Internet Rule 22:  Copypasta is made to ruin every last bit of originality.
Internet Rule 23:  Copypasta is made to ruin every last bit of originality.

Reference:  http://knowyourmeme.com/photos/30662

But nowadays, with the advent of the Internet, it’s almost ridiculous.  Not just in the concept but also the reasons:  In 2010, plagiarism might as well be replaced with the internet meme, “Copypasta,” because that is all you need to do.  And the reason is a clavier laziness:  The idea is that, if it’s on the internet, it’s common knowledge and acceptable in any level of communication as Public Domain.  Some people just print out Wikipedia articles and put their names on it, and then be surprised that they actually need to write something about the article.  And state the sources behind the account.

"I myself don’t feel it is stealing, because I put all the material into a completely different and unique context and from the outset consistently promoted the fact that none of that is actually by me,"  — Helene Hegemann, on her non-defense of copypastaing in Axolotl Roadkill

This form of laziness is not just in college.  Ask any Deviant.  That referenced image ended up on a T-shirt in Korea.  The designer didn’t even bother to write to the creator even to jest.  Nowadays there is a rising trend to just be like Vanilla Ice and Milli Vanilli when it comes to creativity.  They join Hegemann in raising their noses and going “There’s no such thing as originality anyway, just authenticity.” as they copypasta everything they ever liked into their lives a la P2P and just declare it their creativity.  News flash, folks:  That isn’t creativity.  That is Scrapbooking.  And It’s a very sad artist who looks back at their lives and sees that all they’ve ever done is scrap book their way through life, without any original thought or idea in their constantly empty heads.
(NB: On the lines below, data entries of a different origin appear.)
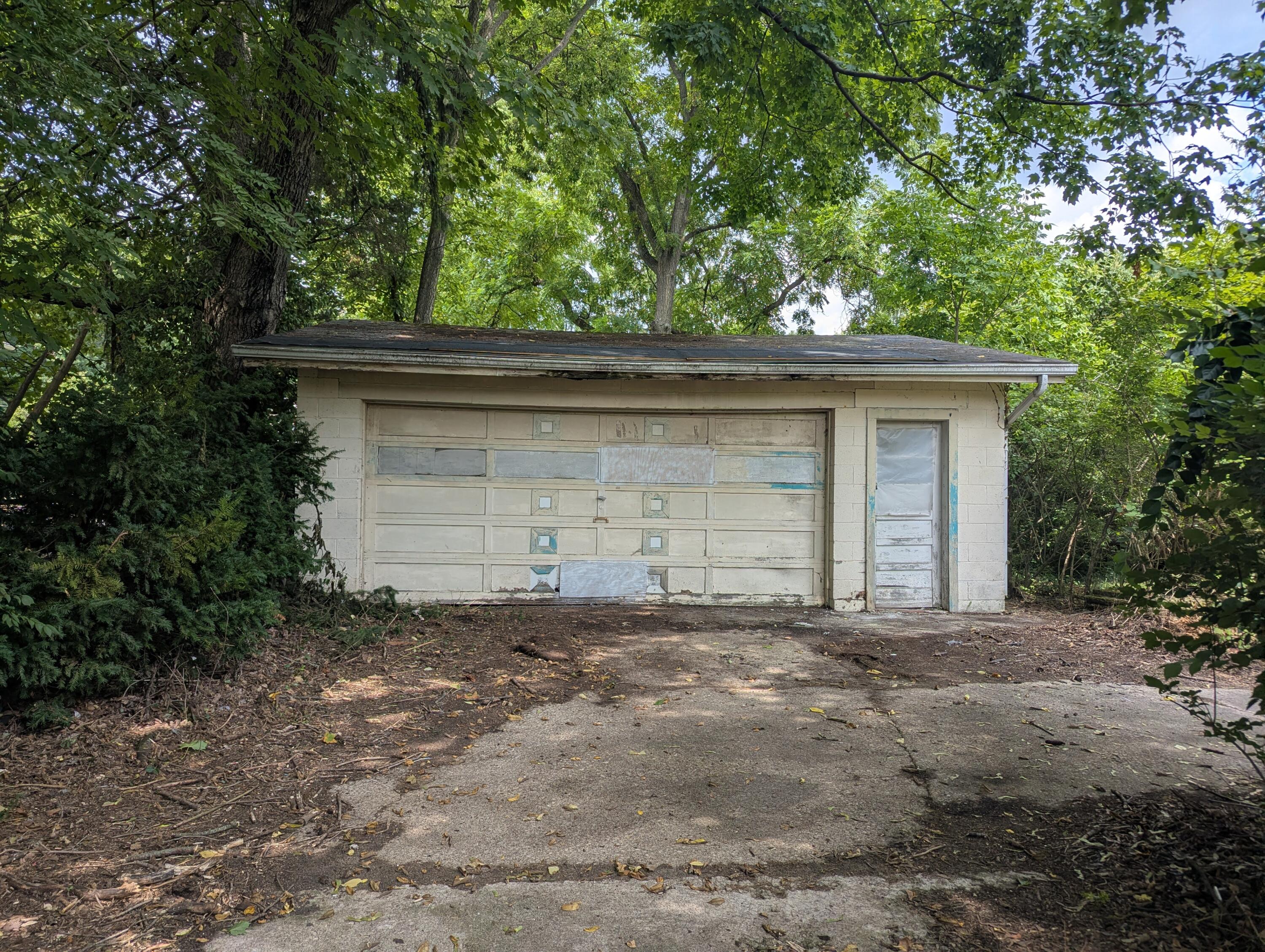 236 Singer, Springfield, Ohio 45506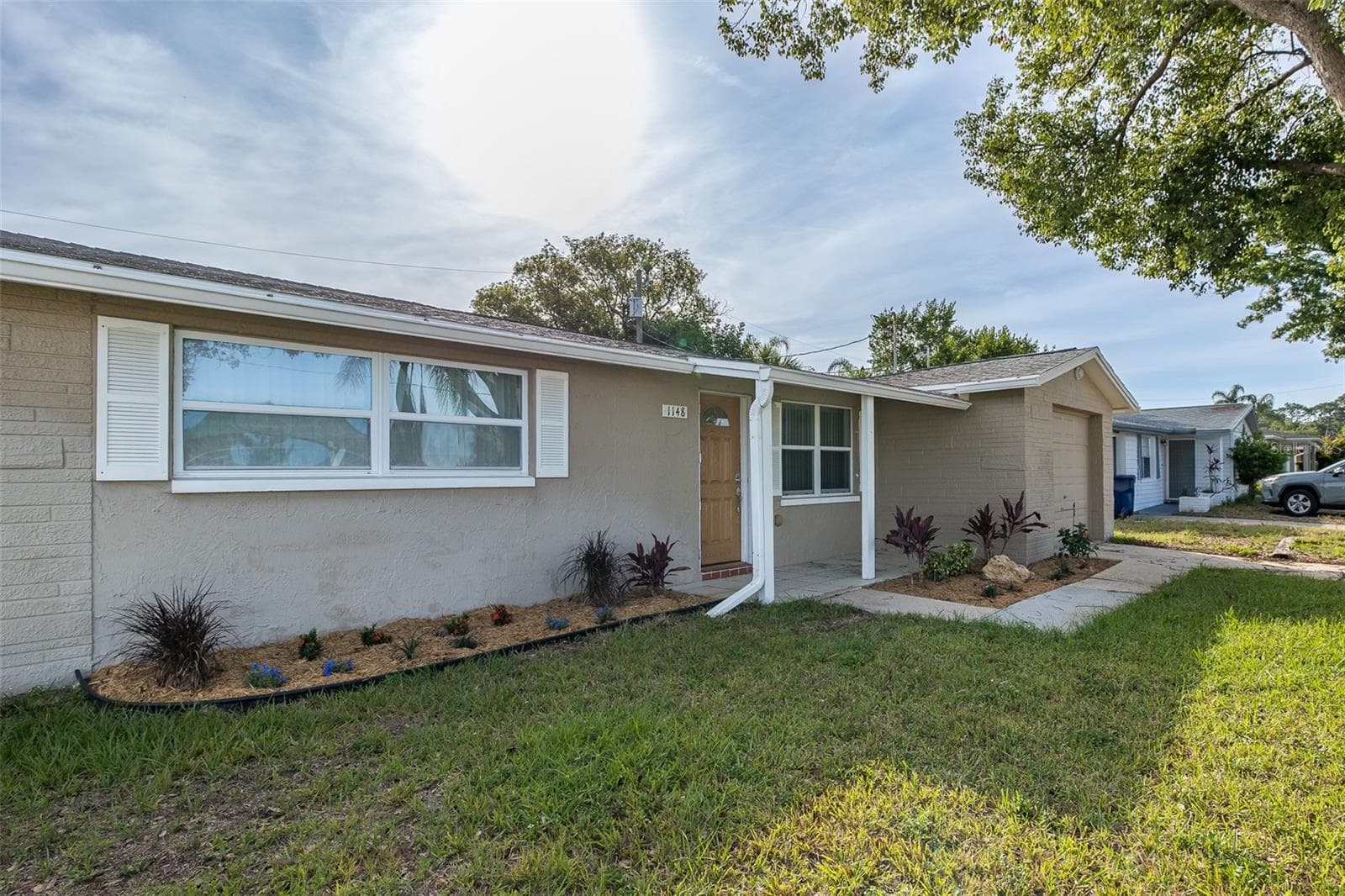 1148 FERNWOOD DR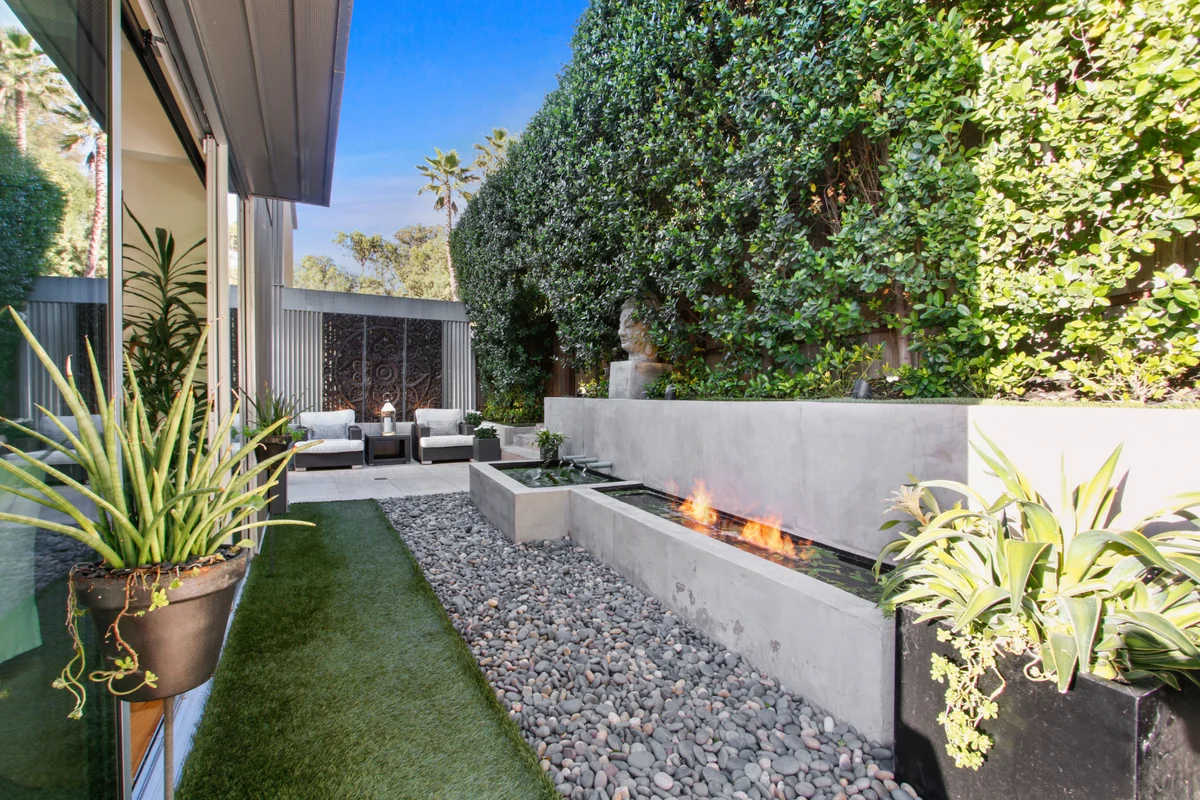 Property in Beverly Hills, Los Angeles property photo 4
And it’s more prevalent than you think:  When was the last good new song you heard, or the latest most original story you’ve really read, or watched an innovative and original television show?  I see Mexican Wrestling and Chinese cartoons for a reason:  Almost everything in America is a copy of someone else:  Everything is generated by computer and is spat out for the masses to consume with compulsion.  It is an age of Boy Bands and of Girl Bands. Of Boy and Girl Bands. Of Girl Bands with a couple of boys in them that look like girls anyway.  Nothing is left to chance, hits are scheduled years in advance.  And Queen is nowhere to be seen.  (Hint:  There’s a clever way to state your references, something I always do.  Such is the charm of HTML.)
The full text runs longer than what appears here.